An absurd yet brilliant action genre from 80s Hong Kong cinema made way for John Wick to revive the Hollywood action genre.
The very first John Wick movie came as a breath of fresh air during a time when action films were becoming increasingly unimaginative. Many agree that the movie totally saved the Hollywood action genre when it was released in 2014. The movie brought the reserved and confident presence of Keanu Reeves to a stripped-down plot, and enamored audiences with a new and elaborate action style. Yes, John Wick went through hordes of mercenaries like in a video game. However, the sense of technical proficiency with which the character treated his guns gave a special thrill to movie-goers.

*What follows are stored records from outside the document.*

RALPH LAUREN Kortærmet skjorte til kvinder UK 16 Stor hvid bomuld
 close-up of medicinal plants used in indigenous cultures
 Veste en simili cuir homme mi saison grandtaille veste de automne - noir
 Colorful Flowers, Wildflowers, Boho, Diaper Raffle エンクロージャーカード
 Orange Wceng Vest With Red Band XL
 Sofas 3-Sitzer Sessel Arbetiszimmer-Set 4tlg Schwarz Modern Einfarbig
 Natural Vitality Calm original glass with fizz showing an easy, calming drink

It instantly made lifelong fans among cinephiles and was dubbed a cult classic just a week after its release. The pieces that went into this reinvention of the Hollywood action genre were a chain of influences that started with the gory crime flicks of Hong Kong filmmaker John Woo, and ended with Chad Stahelski, the stuntman-turned-director who helmed the movie. Underlying this major cinematic cultural exchange was an absurdly brilliant genre of action known as Gun Fu.
Birth in Hong Kong Crime Action Flicks
The birth of Gun Fu is widely attributed to one single filmmaker — John Woo. Hailing from Hong Kong, he found his start in the 70s within the same filmmaking industry that gave rise to Bruce Lee and Jackie Chan, even working with the latter on some films. Woo began his filmmaking journey with kung fu movies, which were basically the Westerns of Chinese cinema, minus the traditional shootouts. In popularity and abundance, they rivaled that of Western movies in America, but they were an insulated genre of action with vast stylistic differences. Guns were little more than props in kung fu movies, and the action was based on elaborate hand-to-hand combat sequences that bordered on graceful.

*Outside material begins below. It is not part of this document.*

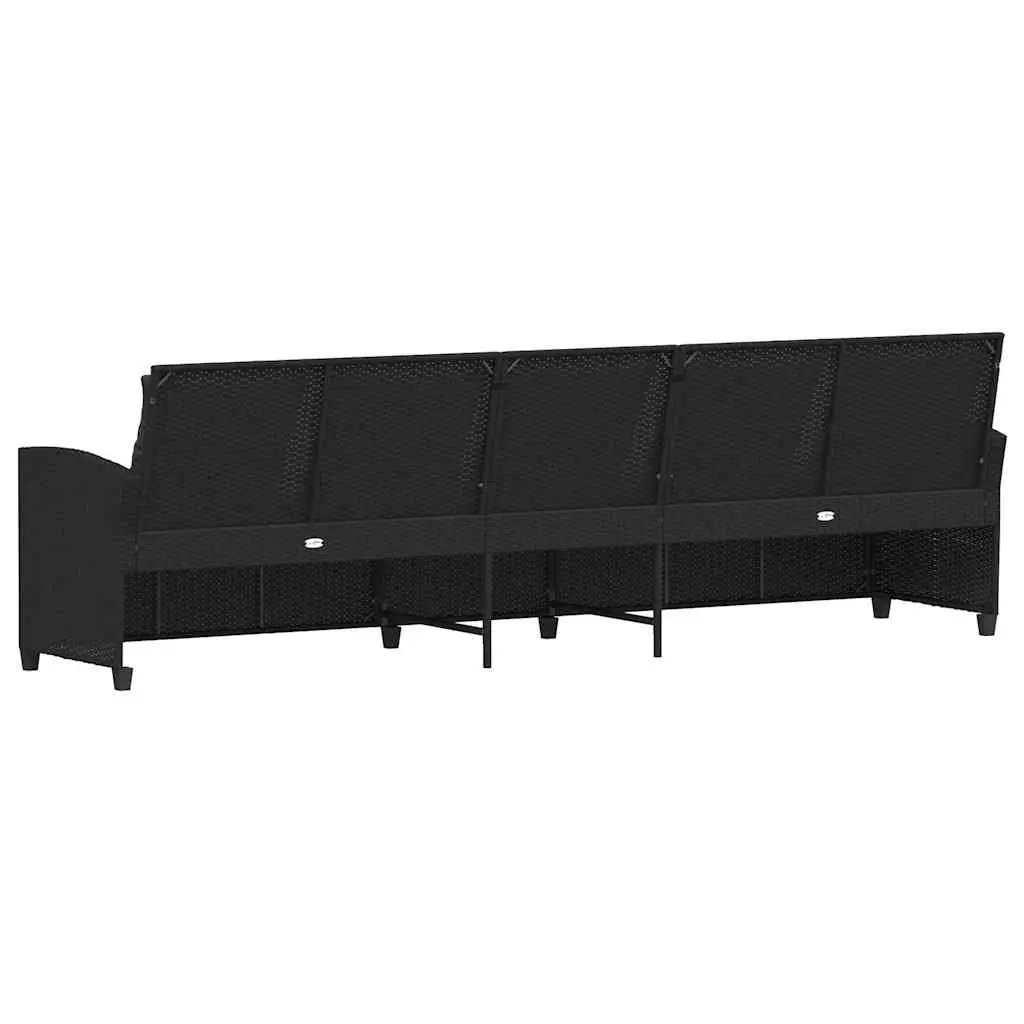 Garden Sofa 5-Seater Outdoor Lounge Set with Cushions Black Poly Rattan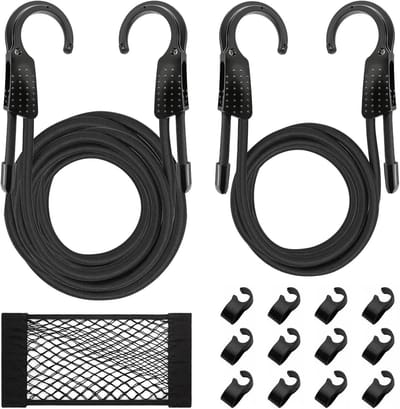 Set van 2 Verstelbare Rubber Haken 1.5/3 m voor Zonnescherm, Fietsen en Tuinaccessoires met Winddichte Sluiting en Opbergcompartiment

Meanwhile, gunfights were the bread-and-butter of action in Hollywood cinema. Western films basically set the original standard for shootouts in Hollywood films. These films also posed a far different set of values in the action hero. Gunfights in the cinematic Wild West often gave the best advantage to the quickest draw, and their heroes were often the most prodigal in this skill. This meant that action in Hollywood films was relatively stationary; there were no chaotic brawls that had characters scuffling all over the screen.
Working in the Hong Kong film industry, John Woo was equally impressed with the dance-like acrobatics of kung fu as he was with the Mexican standoffs of cowboy Westerns. Later in the 80s, he began to conceptualize a whole new style of action films that sought to marry Western gunfights with the cinematic conventions of his own genre. The result was a gory, high-octane style of action cinema that came to be known as heroic bloodshed films.
In making these films, Woo basically combined the intense physicality of kung fu with the gratuitous gunfights of the Western. Heroic bloodshed films were set in a world of crime, with protagonists who were either cops or criminal enforcers themselves. They would often walk into the enemy’s lair with guns blazing, and these battles would regularly end up in close quarters with more guns firing than you could count. The Killer, A Better Tomorrow, and Hard Boiled were some of the important titles that saw the development of this new genre of action. Hard Boiled even featured probably the earliest form of the hallway fight — years before The Raid.